LIVRES

L’employé de bureau, figure littéraire

Jim clements est un bienheureux centenaire. Il habite à Harlow dans l’Essex, Angleterre, et il est le plus vieil employé de bureau en exercice au monde. En 1979, à 66 ans, ne supportant plus l’ennui que lui procurait la retraite, il était retourné bosser dans l’entreprise de sécurité qui l’employait, où il continue aujourd’hui à remplir des formulaires, faire des photocopies, répondre au téléphone et préparer le thé pour ses collègues féminines qui le dorlotent en retour. À l’angoisse de l’oisiveté et de la liberté, Jim a préféré le vide du travail de bureau, le tiède confort d’une activité monotone. L’anecdote aurait tout de la fable moderne qui fait le ravissement des rubriques « Insolite » des journaux si elle ne renvoyait pas à une pathologie bien plus profonde du travail.

La littérature est d’ailleurs la première à s’intéresser à ces cols blancs et au vide sidéral de la vie de bureau et ce dès l’essor du secteur tertiaire au XIXe siècle. Bartelby (1853) d’Herman Melville est à ce titre un chef-d’œuvre précurseur dans l’évocation du pouvoir de résistance par l’inertie d’un employé de bureau de Wall Street. « Je préfèrerais ne pas », répond systématiquement Bartelby aux injonctions de plus en plus embarrassées de son chef de bureau, opposant un « néant de volonté1 », face à un système lui-même absurde et inutile. Mais, si Bartleby manifeste une forme de refus, conscient ou inconscient, face à l’aliénation du travail, c’est plutôt au personnage peint par Huysmans dans La retraite de monsieur Bougran (1864) que nous renvoie la figure subordonnée de Jim Clements. M. Bougran est un employé de ministère, célibataire, déboussolé par sa mise à la retraite : « Mais, bien plus que la question des ressources personnelles, la question du temps à tuer l’inquiéta. Comment rompre, du jour au lendemain, avec cette habitude d’un bureau vous enfermant dans une pièce toujours la même, pendant d’identiques heures, avec cette coutume d’une conversation échangée, chaque matin, entre collègues. » Dans la nouvelle, Bougran finit par se rejouer pour lui-même la comédie du travail, recréant chez lui les conditions répétitives du bureau jusqu’à en mourir.

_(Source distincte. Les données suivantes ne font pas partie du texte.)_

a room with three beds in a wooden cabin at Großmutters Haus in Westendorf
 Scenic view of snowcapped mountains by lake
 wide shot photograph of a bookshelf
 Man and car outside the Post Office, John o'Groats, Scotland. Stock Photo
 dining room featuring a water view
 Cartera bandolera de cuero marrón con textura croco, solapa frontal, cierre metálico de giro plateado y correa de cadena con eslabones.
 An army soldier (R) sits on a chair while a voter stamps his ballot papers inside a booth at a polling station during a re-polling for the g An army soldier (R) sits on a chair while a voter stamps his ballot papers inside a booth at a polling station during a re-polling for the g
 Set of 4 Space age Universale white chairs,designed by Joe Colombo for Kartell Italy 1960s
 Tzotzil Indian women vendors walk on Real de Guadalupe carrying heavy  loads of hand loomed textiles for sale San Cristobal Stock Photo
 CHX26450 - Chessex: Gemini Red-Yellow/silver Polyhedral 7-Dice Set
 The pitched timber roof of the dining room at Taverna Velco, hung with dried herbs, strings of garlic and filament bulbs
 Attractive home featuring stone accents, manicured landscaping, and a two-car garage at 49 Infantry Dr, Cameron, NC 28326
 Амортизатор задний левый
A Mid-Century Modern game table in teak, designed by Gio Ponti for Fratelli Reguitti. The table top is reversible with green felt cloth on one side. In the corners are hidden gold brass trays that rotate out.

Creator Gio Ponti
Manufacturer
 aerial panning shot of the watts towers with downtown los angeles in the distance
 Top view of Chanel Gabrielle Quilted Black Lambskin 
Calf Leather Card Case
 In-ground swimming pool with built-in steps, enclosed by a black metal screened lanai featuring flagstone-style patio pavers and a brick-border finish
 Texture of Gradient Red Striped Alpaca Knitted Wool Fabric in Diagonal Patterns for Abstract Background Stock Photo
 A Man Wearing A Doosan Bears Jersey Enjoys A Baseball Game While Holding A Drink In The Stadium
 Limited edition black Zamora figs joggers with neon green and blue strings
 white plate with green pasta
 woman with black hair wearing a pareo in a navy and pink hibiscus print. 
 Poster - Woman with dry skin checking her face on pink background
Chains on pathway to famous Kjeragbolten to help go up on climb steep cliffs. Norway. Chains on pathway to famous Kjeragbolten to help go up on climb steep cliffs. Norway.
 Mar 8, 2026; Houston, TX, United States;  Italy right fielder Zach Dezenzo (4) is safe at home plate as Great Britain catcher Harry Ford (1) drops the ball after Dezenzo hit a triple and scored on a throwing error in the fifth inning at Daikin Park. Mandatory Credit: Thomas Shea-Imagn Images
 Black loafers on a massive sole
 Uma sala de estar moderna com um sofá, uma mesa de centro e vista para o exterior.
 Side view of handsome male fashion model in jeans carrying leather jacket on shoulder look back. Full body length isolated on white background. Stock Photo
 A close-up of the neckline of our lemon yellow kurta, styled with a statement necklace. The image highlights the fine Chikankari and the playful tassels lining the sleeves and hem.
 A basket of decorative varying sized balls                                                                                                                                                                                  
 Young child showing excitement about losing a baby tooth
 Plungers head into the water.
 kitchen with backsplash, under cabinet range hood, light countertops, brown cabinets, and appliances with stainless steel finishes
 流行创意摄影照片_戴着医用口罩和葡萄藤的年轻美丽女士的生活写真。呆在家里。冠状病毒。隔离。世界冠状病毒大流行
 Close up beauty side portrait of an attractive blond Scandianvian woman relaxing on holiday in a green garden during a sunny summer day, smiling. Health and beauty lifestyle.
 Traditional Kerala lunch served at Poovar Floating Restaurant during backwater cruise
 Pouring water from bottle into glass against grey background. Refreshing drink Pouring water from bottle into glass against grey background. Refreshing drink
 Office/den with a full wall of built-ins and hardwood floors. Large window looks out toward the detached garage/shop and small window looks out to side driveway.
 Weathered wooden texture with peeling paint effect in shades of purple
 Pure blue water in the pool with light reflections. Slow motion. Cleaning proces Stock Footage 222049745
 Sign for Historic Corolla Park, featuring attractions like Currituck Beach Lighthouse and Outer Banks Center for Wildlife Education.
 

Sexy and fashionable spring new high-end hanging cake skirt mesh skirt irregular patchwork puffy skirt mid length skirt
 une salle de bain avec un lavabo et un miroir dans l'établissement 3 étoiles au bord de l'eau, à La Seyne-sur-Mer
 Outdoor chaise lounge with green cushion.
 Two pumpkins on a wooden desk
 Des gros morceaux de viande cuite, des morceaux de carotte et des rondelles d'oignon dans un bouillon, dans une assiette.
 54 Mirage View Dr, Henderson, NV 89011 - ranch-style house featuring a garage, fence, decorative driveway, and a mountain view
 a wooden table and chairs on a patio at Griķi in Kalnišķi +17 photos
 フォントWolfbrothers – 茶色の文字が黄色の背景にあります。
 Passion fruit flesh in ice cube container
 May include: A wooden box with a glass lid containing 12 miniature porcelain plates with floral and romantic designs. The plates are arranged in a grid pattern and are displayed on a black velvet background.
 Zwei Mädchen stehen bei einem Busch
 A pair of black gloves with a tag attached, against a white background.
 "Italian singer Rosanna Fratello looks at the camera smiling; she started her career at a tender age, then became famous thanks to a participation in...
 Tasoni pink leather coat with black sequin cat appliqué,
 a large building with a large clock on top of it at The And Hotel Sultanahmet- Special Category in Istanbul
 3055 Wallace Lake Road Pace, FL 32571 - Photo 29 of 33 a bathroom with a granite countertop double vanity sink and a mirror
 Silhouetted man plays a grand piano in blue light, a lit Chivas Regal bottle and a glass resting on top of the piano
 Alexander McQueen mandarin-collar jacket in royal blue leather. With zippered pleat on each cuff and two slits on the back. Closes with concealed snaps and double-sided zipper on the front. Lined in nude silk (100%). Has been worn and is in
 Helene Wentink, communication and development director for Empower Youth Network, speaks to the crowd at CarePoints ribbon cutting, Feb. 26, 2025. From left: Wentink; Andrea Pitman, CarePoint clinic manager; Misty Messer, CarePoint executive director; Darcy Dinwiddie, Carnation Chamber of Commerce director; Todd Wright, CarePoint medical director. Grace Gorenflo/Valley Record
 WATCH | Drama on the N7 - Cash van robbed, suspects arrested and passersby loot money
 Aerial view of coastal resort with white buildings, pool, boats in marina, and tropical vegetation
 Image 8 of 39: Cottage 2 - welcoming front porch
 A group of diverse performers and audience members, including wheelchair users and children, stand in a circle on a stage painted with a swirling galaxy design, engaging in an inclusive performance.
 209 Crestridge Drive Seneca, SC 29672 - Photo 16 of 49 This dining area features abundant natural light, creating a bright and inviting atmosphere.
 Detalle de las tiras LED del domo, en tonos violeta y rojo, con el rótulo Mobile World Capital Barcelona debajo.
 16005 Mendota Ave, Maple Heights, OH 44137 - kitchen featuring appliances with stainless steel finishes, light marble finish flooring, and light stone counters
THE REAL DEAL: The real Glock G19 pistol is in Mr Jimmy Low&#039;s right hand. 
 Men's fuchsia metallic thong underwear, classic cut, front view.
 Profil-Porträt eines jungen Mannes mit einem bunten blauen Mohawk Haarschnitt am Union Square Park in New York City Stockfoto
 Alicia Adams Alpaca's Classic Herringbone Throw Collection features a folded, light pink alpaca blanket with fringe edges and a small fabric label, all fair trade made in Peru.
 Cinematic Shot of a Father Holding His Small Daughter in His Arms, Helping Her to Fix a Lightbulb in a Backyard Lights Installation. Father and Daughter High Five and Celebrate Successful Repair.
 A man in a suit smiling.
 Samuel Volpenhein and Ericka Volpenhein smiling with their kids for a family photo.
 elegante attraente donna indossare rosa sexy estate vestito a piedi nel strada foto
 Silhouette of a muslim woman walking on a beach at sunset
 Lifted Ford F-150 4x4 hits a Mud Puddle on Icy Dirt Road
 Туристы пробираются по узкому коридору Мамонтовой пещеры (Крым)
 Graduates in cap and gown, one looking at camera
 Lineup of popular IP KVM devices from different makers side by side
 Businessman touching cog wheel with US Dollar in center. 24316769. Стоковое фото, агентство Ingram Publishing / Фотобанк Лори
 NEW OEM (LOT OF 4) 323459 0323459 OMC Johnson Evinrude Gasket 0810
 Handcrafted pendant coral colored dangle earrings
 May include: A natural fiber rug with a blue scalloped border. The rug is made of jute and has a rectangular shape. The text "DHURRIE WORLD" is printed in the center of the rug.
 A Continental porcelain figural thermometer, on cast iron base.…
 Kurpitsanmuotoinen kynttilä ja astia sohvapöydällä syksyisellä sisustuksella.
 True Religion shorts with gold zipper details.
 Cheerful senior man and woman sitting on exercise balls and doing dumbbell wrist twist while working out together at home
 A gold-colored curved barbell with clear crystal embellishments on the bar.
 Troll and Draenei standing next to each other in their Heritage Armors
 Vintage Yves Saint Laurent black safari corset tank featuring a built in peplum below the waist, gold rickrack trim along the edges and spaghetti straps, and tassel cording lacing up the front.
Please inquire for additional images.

Sociologue pionnier à étudier les conditions de vie de la classe montante des employés en Allemagne, Siegfried Kracauer2 nous livre en 1929 la description d’un univers uniforme, discipliné et conformiste, artificiellement comblé par une accumulation de loisirs. Un monde dans lequel les employés ne semblent pas prendre conscience de leur prolétarisation par la rationalisation du travail – autrement dit management – cultivant l’illusion d’une supériorité de classe par rapport aux ouvriers. Kafka dans Le Château et Orwell dans 1984 ne se trompent pas de sujet en utilisant le personnage du gratte-papier, en butte à l’extrême absurdité bureaucratique, comme antihéros d’une société paranoïaque.

Cette classe moyenne vulnérable et docile, subjuguée par le premier discours démagogique venu comme par la dernière marchandise à la mode, s’est érigée en modèle universel du salariat, si elle n’est pas sa condition de survie même. Soit, me direz-vous, mais est-ce une garantie de longévité ?


1 Gilles Deleuze, Postface, in Herman Melville, Bartleby, Flammarion, 1989. On lira avec plaisir « “Je préférerais ne pas” : variations autour du Bartleby d’Herman Melville » par Lémi sur le site d’Article 11

2 Siegfried Kracauer, Les Employés, Aperçus de l’Allemagne nouvelle (1929), Les Belles Lettres, 2012.